A los trece años, escapé de casa de mis padres, harto de la educación tan severamente religiosa, y me alojé en un hostal de tres estrellas en un barrio tranquilo, cerca del mar, y encontré la manera de llamar por teléfono a la casa de mi prima una tarde en que ella recién llegaba del colegio religioso, y le dije dónde estaba, le rogué que viniera a visitarme, le dije que nunca más viviría con mis padres y que quería irme a vivir a su casa, a la casa de mis tíos, que eran sosegados, risueños y querendones como no podían ser mis padres, tan estrictos, y mi prima vino una tarde en una camioneta grande manejada por un chofer negro, y subió a mi cuarto, y vio las revistas porno que yo había comprado y las hojeó y estalló en risas, y luego hizo algo que nunca más una mujer, o una mujercita, porque éramos adolescentes, púberes, ha hecho conmigo: me quitó la ropa, se despojó de la suya, me puso su calzón y su sostén, me hizo pasar al baño, me maquilló y puso rímel y colorete que sacó de su cartera, y una vez que me convirtió en una chica, me besó, me tocó, me llevó de viaje nuevamente al nirvana, y me enseñó el sabor de la gloria una, dos y tres veces. Fue una tarde memorable que está grabada en mi corazón como un tatuaje legendario, imborrable.

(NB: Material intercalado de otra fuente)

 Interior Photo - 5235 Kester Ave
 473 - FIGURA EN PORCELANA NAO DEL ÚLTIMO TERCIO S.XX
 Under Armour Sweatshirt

Cuando ella terminó el colegio, cumplió su promesa y se fue a estudiar artes en Nueva York. Pero allí se enamoró de un griego y luego se fueron a vivir a Atenas y pasaron muchos años sin que nos viéramos. Ella no se hizo famosa, pero yo sí me hice mínimamente famosillo en la ciudad en que nací, y en otras, por salir en la televisión hablando de cosas políticas y haciendo entrevistas.

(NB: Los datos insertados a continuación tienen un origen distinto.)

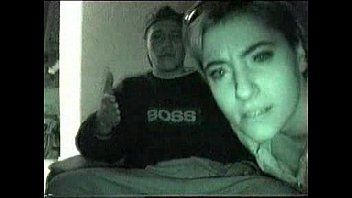 Riproduci Alexandra con gli occhi verdi fa la sua zampa e la lecca sulla manele del 2018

Muchos años después, ya ella casada y con hijas, tomé un avión en Barcelona y fui a visitarla a Atenas. Me dijo que no estaba enamorada del griego, su esposo, que se aburría con él, que soñaba con escaparse. Le rogué que nos fuésemos juntos a América y que cumpliésemos nuestro sueño púber, adolescente. Me dijo que era un loquito, un chiflado, que no podía fugarse conmigo ni con nadie, pues era esposa y mamá y tenía que cumplir con sus deberes de señora. Pero a mis ojos era mi prima, mi primita, el gran amor de mi vida. Yo le decía:

-Si Vargas Llosa se casó con su prima y fueron tan felices, y tuvieron hijos que no salieron tontos, ¿por qué nosotros no podemos ser felices juntos?

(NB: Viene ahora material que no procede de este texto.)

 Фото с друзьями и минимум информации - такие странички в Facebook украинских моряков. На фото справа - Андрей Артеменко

Recuerdo como si fuera ayer aquella tarde en Atenas cuando, sus hijas en clases de piano y actuación, su esposo en la oficina trabajando para multiplicar su dinero, mi prima me llevó a un apartamento donde pintaba cuadros, me quitó la ropa, me besó y acarició, me vistió de mujer con sus ropas coloridas, y me anunció:

-Hoy vamos a llegar hasta el final.

-¿Y si tenemos un hijo tonto? –pregunté, tan inmoderadamente feliz que sentía que iba a desmayarme o morir un poco.

-No me importa –dijo ella.

Sentí que el resto de mi vida serían fotos pálidas, mustias, comparadas con la belleza translúcida de aquella imagen, sus ojos feraces posados en los míos rendidos, que, a no dudarlo, sería eterna.